#### What to work on:
Your reply should contain nothing except the lines from the one with "Disney Princesses Art" through the end of the listing below, reproduced exactly and stripped of pictures.

---------- Given information ----------

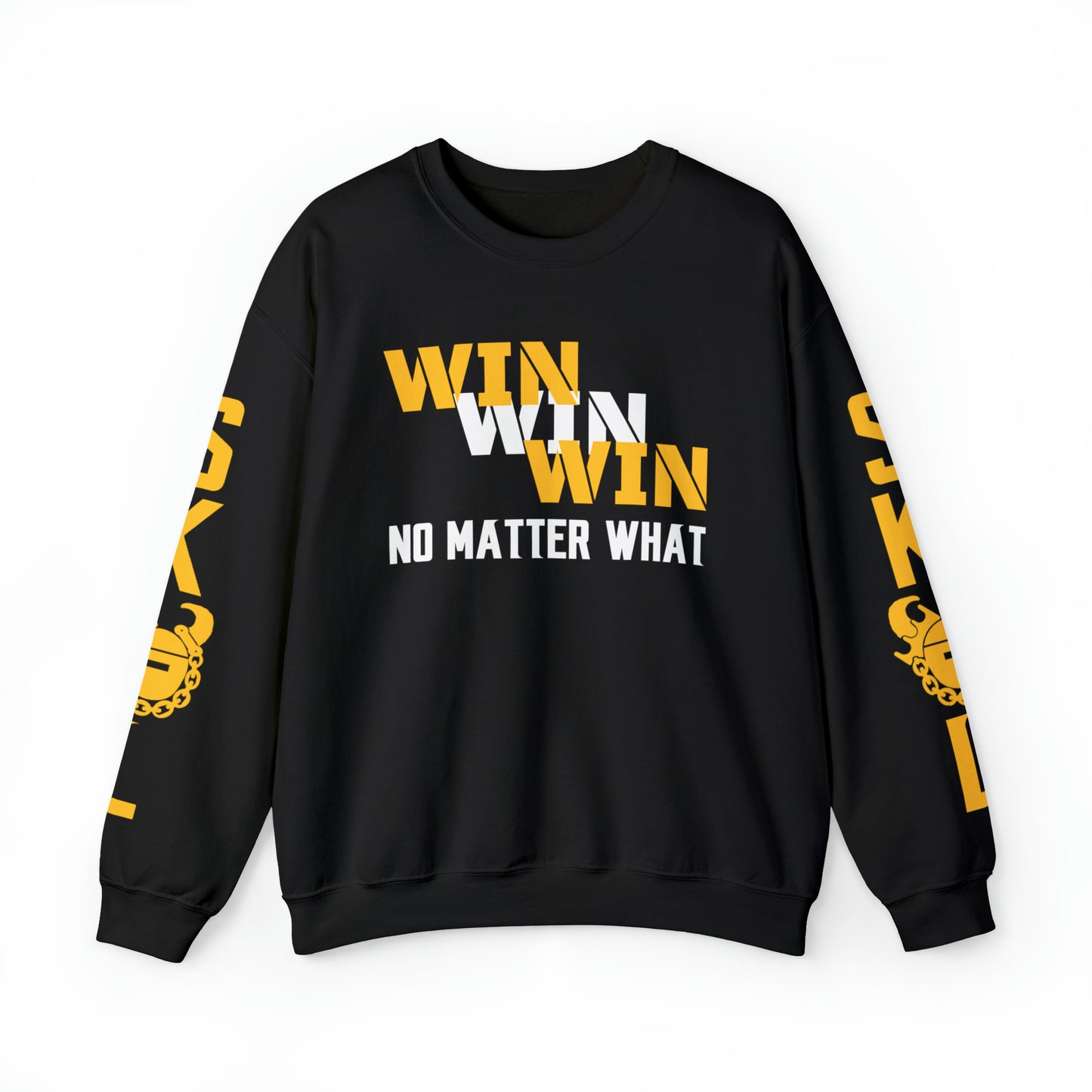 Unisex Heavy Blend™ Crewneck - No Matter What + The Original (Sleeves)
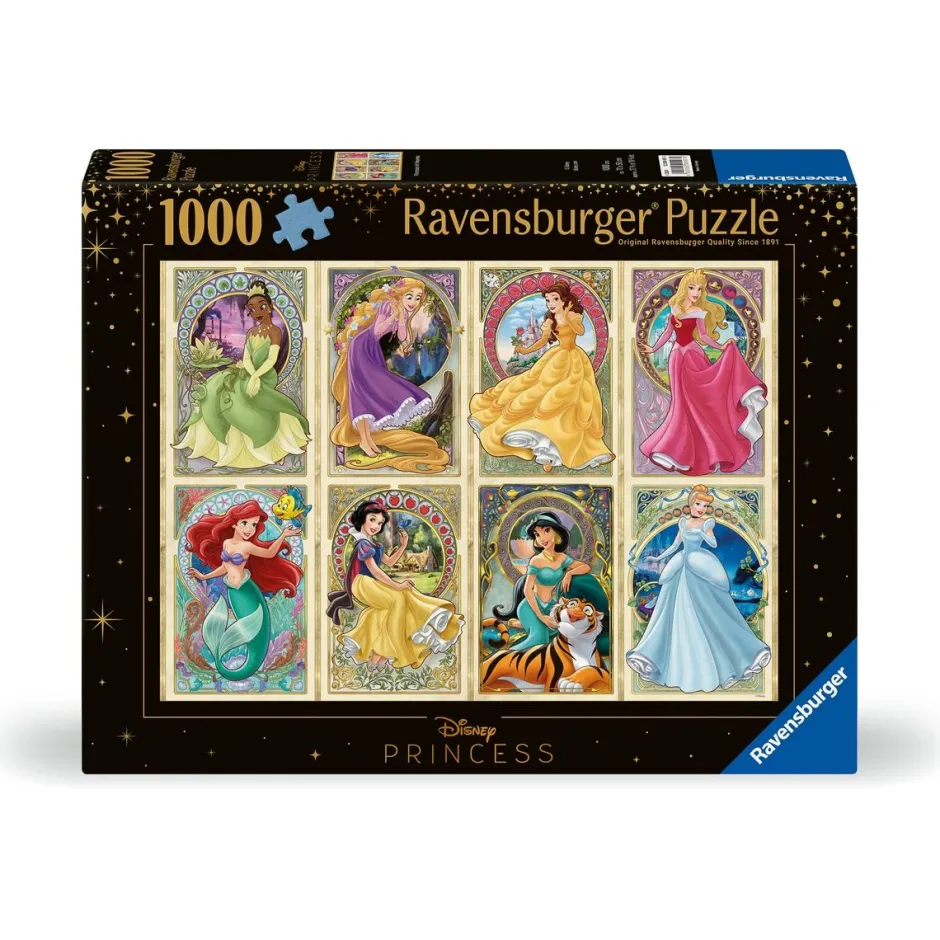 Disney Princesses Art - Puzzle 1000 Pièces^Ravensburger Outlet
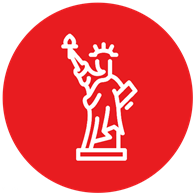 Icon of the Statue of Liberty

----------

#### Solution below:
 Disney Princesses Art - Puzzle 1000 Pièces^Ravensburger Outlet
 Icon of the Statue of Liberty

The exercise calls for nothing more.